Eulenfisch - Limburger Magazin für Religion und Bildung

Pierre Claverie: An der Nahtstelle zweier Welten. Muslime und Christen im Dialog

Mit einiger Ehrfurcht nimmt man diese Auswahl von Texten des 2018 seliggesprochenen Dominikaners Pierre Claverie über den Dialog zwischen Muslimen und Christen zur Hand, denn um den Preis seines eigenen Lebens hat sich Claverie im nachkolonialen Algerien in einer von Gewalt gegen Christen geprägten Zeit für ein friedliches Zusammenleben der Religionsgruppen eingesetzt. Als Bischof von Oran wollte er mit unbedingtem Willen zum Dialog auch angesichts des zunehmenden Terrors nicht resignieren und seine ihm anvertraute Herde der noch im Land verbliebenen Christen nicht verlassen.
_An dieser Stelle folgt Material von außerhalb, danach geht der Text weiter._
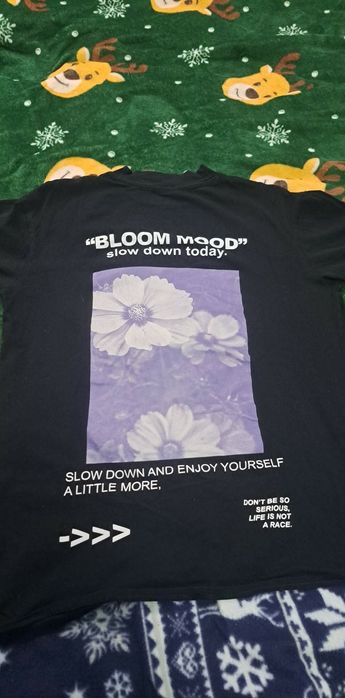 Tricou Bloom Mood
Doch der Hass sparte ihn nicht aus und so fiel er am 1. August 1996 zusammen mit dem erst 21-jährigen Mohamed Bouchikhi, der als Moslem ehrenamtlich für ihn arbeitete, einem Bombenanschlag zum Opfer.

Wer also wäre berufener als Claverie, uns trotz terroristischer Gewalt und verfestigten gegenseitigen Vorurteilen den Weg zu weisen zu einem versöhnlichen und respektvollen Umgang mit dem Islam. Es ist leicht, von der Position einer Mehrheitsgesellschaft aus darüber zu reden, aber ungleich schwerer, ihn als Teil einer ausgegrenzten christlichen Minderheit, die zudem mit der Unterdrückung während des Kolonialregimes in Verbindung gebracht wird, auch zu gehen, wie es Claverie als Bischof von Oran getan hat.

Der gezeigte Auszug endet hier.